Recently, I purchased a book titled, Innately Good: Dispelling the Myth that You're Not, by Jan Denise.  Denise identifies the origins of the tainted idea that we (and those in our care) are innately flawed and provides a solid framework to help us undo the damage created by this myth – including passing on this erroneous assumption to our children.


Over the years, as I've learned to align my choices and behaviors with who I am inside, I've naturally become happier and less fearful and negative.  Innately Good provides the roadmap to this end.  I only wish this book had been available when I was younger!  It is highly recommended reading for anyone seeking to discover and appreciate his true, authentic self and also to that of others.  As such, it makes for a wonderful complement to a yogi's journey to self-love, happiness and connectedness to all. For parents and teachers, the book serves as a poignant how-to for raising confident, well-adjusted children, who celebrate their individuality – just the gifts I want to give to my own chlidren and students.  


The following article, released from part of the book, focuses on giving our children the message that they are innately good right from the start.  Read on, and let me know your thoughts…



5 Ways to Raise a "Good Enough" Child

by Jan Denise


How many times have you told your ebullient child he's too loud or too active? How often have you told your contemplative, cautious child not to be a scaredy-cat and so shy?


In subtle ways, you are giving your child, when he's expressing his or her unique temperament, the message that he's not good enough. He will get the same messages at school, at church or temple, and from the media. By the time your child is an adult, he will have learned how not to follow the beat of his own drummer and how not to be himself. He will have learned exactly how to act in order to get the approval of others.


If you think that's not much a problem for a child, wait till she grows up and marries someone she thinks she should marry, works in a job she hates because it's expected of her, gets in debt buying a house or car that makes her seem more successful than she really is, or is on a perpetual diet and hates her body because women are supposed to be rail thin.


You can stop this negative conditioning! As a parent, you already instinctively know that your child is good enough. Your child was born good enough. Here are five ways to reinforce that positive message.

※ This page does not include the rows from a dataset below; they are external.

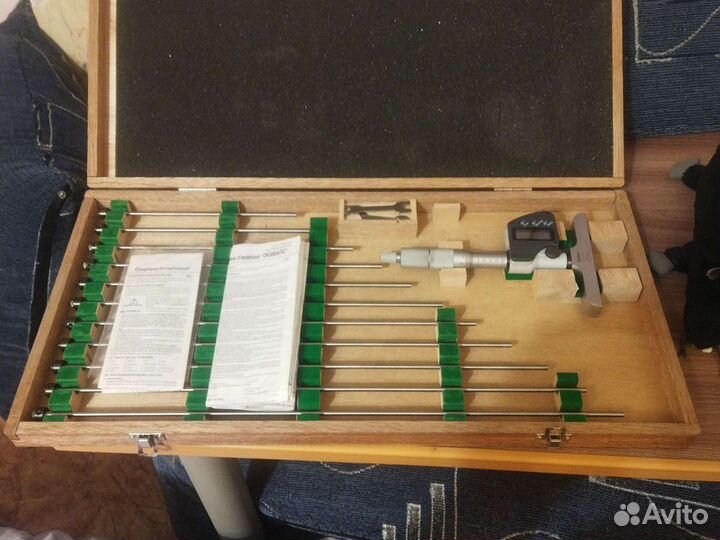 Глубиномер микрометрический Mitotoyo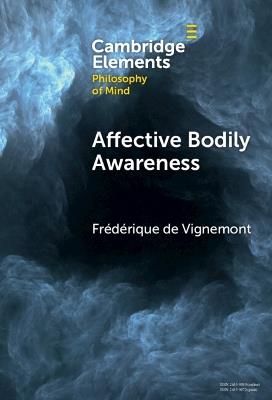 Affective Bodily Awareness - Frédérique de Vignemont - cover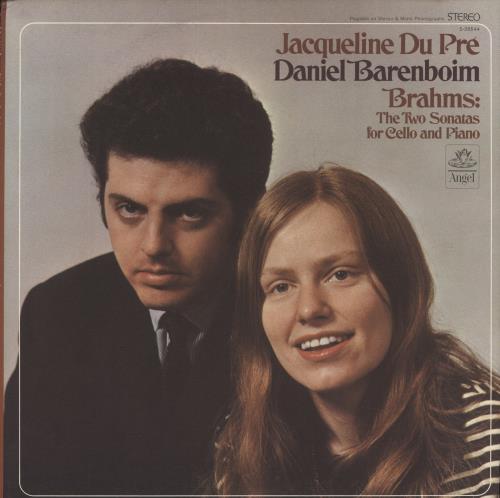 Johannes Brahms Cello Sonatas vinyl LP album (LP record) US B10LPCE887560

· Be there for him. Let your child have his true feelings–sadness or fear, for example. Show him with your support, reassurance, and presence that it's okay to have emotions, and that you'll stay with him through all those feelings, without judging.

· Teach her not to personalize rejection. If someone tells her she's ugly or too brainy, for example, remind her that someone else's words aren't the truth. The truth is that she's fine–just the way she is.

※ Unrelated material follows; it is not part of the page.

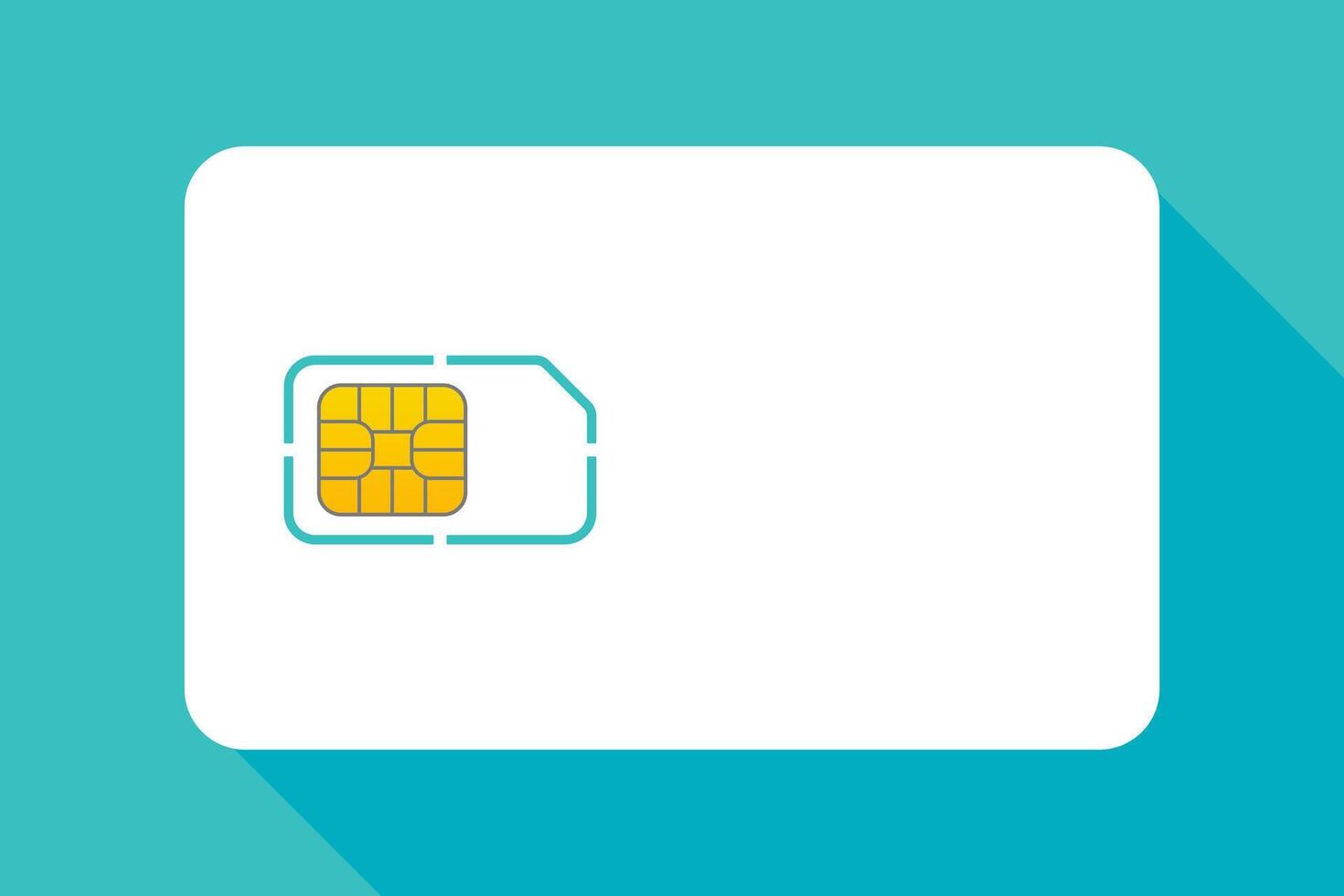 SIM card. Operator, tariff plan, mobile communication, 4g, 5g, connection, internet access, user, smartphone, cell, call, ring, antenna, network, roaming. illustration vector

· Teach him not to worry what other people think. If he's afraid to take chorus at school for fear of being teased, or cuts class with his friends to be part of the "cool" crowd, help him understand that following others' opinions won't help him be happy.

· Encourage her individuality. If your child wants to wear a pink tutu to church and it embarrasses you, consider the message you might be giving her about being an individual and expressing herself. Unless it's an act that could harm your child, try to allow her to be and do what she needs in order to fully explore who she is.

· Show him he is loved–unconditionally. Remind your child dozens of times a day, in gestures, words, and acts, that you love him just the way he is. A child who learns that he really is good enough will grow into a confident, healthy, fulfilled adult.


– Jan Denise is a syndicated newspaper columnist, an empowerment guru, and author of the new book, Innately Good: Dispelling the Myth that You're Not (Health Communications, 2009).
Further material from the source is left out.